--- Aim of the exercise ---
When you reach the records, transcribe each one exactly.
Material supplied Block Start
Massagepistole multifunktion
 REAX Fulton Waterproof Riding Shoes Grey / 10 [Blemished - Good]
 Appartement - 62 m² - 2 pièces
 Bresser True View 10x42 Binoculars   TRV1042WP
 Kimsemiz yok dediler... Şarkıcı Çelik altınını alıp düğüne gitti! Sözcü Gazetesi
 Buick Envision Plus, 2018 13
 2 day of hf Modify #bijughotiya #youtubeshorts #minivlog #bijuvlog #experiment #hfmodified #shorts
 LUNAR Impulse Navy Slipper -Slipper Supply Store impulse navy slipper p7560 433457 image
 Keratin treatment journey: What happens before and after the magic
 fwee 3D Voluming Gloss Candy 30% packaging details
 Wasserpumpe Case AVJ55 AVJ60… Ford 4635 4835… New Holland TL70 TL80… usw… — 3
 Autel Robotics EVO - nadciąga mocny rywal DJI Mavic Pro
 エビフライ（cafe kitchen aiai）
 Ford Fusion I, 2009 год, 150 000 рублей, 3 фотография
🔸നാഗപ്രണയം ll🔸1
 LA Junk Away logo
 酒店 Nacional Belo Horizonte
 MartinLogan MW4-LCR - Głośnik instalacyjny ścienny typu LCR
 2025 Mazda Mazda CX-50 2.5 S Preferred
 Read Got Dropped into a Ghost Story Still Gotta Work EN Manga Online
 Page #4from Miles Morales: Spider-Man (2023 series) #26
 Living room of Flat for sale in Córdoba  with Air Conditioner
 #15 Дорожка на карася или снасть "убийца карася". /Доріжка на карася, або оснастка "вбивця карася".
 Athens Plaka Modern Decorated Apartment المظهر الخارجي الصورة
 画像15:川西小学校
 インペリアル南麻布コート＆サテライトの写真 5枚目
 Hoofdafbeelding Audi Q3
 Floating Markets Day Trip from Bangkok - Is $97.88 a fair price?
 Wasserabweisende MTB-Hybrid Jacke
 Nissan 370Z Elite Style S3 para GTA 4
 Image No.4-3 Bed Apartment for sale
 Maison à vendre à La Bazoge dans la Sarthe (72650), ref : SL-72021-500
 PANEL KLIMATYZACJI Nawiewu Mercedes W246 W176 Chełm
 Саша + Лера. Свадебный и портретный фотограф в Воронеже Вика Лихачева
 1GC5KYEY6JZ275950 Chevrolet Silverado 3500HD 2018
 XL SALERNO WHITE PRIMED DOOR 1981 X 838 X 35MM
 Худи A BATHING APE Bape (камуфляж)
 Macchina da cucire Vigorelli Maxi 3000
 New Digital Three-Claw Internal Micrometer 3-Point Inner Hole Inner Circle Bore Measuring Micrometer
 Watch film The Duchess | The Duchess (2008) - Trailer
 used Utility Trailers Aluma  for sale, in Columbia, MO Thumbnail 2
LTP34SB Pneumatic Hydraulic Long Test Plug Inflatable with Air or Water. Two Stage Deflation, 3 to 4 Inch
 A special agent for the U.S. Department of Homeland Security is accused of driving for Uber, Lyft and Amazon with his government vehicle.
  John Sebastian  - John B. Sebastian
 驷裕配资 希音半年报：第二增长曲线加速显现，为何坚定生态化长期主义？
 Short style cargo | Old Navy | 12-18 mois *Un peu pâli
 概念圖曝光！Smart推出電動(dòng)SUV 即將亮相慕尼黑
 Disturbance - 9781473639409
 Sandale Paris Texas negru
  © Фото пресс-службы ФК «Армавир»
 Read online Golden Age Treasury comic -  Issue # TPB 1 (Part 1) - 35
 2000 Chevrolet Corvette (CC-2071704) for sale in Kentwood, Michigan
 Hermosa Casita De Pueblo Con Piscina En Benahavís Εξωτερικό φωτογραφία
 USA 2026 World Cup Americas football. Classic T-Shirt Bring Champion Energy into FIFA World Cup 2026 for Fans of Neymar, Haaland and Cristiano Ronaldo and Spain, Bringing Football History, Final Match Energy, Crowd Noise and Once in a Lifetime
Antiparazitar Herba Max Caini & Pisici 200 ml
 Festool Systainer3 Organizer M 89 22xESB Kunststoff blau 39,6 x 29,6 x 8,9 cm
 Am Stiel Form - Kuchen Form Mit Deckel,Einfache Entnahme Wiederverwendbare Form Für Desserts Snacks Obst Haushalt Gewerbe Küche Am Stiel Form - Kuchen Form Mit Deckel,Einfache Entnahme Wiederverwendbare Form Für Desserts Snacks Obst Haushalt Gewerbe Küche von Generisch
Material supplied Block End
--- Response to this exercise ---
Massagepistole multifunktion
 REAX Fulton Waterproof Riding Shoes Grey / 10 [Blemished - Good]
 Appartement - 62 m² - 2 pièces
 Bresser True View 10x42 Binoculars   TRV1042WP
 Kimsemiz yok dediler... Şarkıcı Çelik altınını alıp düğüne gitti! Sözcü Gazetesi
 Buick Envision Plus, 2018 13
 2 day of hf Modify #bijughotiya #youtubeshorts #minivlog #bijuvlog #experiment #hfmodified #shorts
 LUNAR Impulse Navy Slipper -Slipper Supply Store impulse navy slipper p7560 433457 image
 Keratin treatment journey: What happens before and after the magic
 fwee 3D Voluming Gloss Candy 30% packaging details
 Wasserpumpe Case AVJ55 AVJ60… Ford 4635 4835… New Holland TL70 TL80… usw… — 3
 Autel Robotics EVO - nadciąga mocny rywal DJI Mavic Pro
 エビフライ（cafe kitchen aiai）
 Ford Fusion I, 2009 год, 150 000 рублей, 3 фотография
🔸നാഗപ്രണയം ll🔸1
 LA Junk Away logo
 酒店 Nacional Belo Horizonte
 MartinLogan MW4-LCR - Głośnik instalacyjny ścienny typu LCR
 2025 Mazda Mazda CX-50 2.5 S Preferred
 Read Got Dropped into a Ghost Story Still Gotta Work EN Manga Online
 Page #4from Miles Morales: Spider-Man (2023 series) #26
 Living room of Flat for sale in Córdoba  with Air Conditioner
 #15 Дорожка на карася или снасть "убийца карася". /Доріжка на карася, або оснастка "вбивця карася".
 Athens Plaka Modern Decorated Apartment المظهر الخارجي الصورة
 画像15:川西小学校
 インペリアル南麻布コート＆サテライトの写真 5枚目
 Hoofdafbeelding Audi Q3
 Floating Markets Day Trip from Bangkok - Is $97.88 a fair price?
 Wasserabweisende MTB-Hybrid Jacke
 Nissan 370Z Elite Style S3 para GTA 4
 Image No.4-3 Bed Apartment for sale
 Maison à vendre à La Bazoge dans la Sarthe (72650), ref : SL-72021-500
 PANEL KLIMATYZACJI Nawiewu Mercedes W246 W176 Chełm
 Саша + Лера. Свадебный и портретный фотограф в Воронеже Вика Лихачева
 1GC5KYEY6JZ275950 Chevrolet Silverado 3500HD 2018
 XL SALERNO WHITE PRIMED DOOR 1981 X 838 X 35MM
 Худи A BATHING APE Bape (камуфляж)
 Macchina da cucire Vigorelli Maxi 3000
 New Digital Three-Claw Internal Micrometer 3-Point Inner Hole Inner Circle Bore Measuring Micrometer
 Watch film The Duchess | The Duchess (2008) - Trailer
 used Utility Trailers Aluma  for sale, in Columbia, MO Thumbnail 2
LTP34SB Pneumatic Hydraulic Long Test Plug Inflatable with Air or Water. Two Stage Deflation, 3 to 4 Inch
 A special agent for the U.S. Department of Homeland Security is accused of driving for Uber, Lyft and Amazon with his government vehicle.
  John Sebastian  - John B. Sebastian
 驷裕配资 希音半年报：第二增长曲线加速显现，为何坚定生态化长期主义？
 Short style cargo | Old Navy | 12-18 mois *Un peu pâli
 概念圖曝光！Smart推出電動(dòng)SUV 即將亮相慕尼黑
 Disturbance - 9781473639409
 Sandale Paris Texas negru
  © Фото пресс-службы ФК «Армавир»
 Read online Golden Age Treasury comic -  Issue # TPB 1 (Part 1) - 35
 2000 Chevrolet Corvette (CC-2071704) for sale in Kentwood, Michigan
 Hermosa Casita De Pueblo Con Piscina En Benahavís Εξωτερικό φωτογραφία
 USA 2026 World Cup Americas football. Classic T-Shirt Bring Champion Energy into FIFA World Cup 2026 for Fans of Neymar, Haaland and Cristiano Ronaldo and Spain, Bringing Football History, Final Match Energy, Crowd Noise and Once in a Lifetime
Antiparazitar Herba Max Caini & Pisici 200 ml
 Festool Systainer3 Organizer M 89 22xESB Kunststoff blau 39,6 x 29,6 x 8,9 cm
 Am Stiel Form - Kuchen Form Mit Deckel,Einfache Entnahme Wiederverwendbare Form Für Desserts Snacks Obst Haushalt Gewerbe Küche Am Stiel Form - Kuchen Form Mit Deckel,Einfache Entnahme Wiederverwendbare Form Für Desserts Snacks Obst Haushalt Gewerbe Küche von Generisch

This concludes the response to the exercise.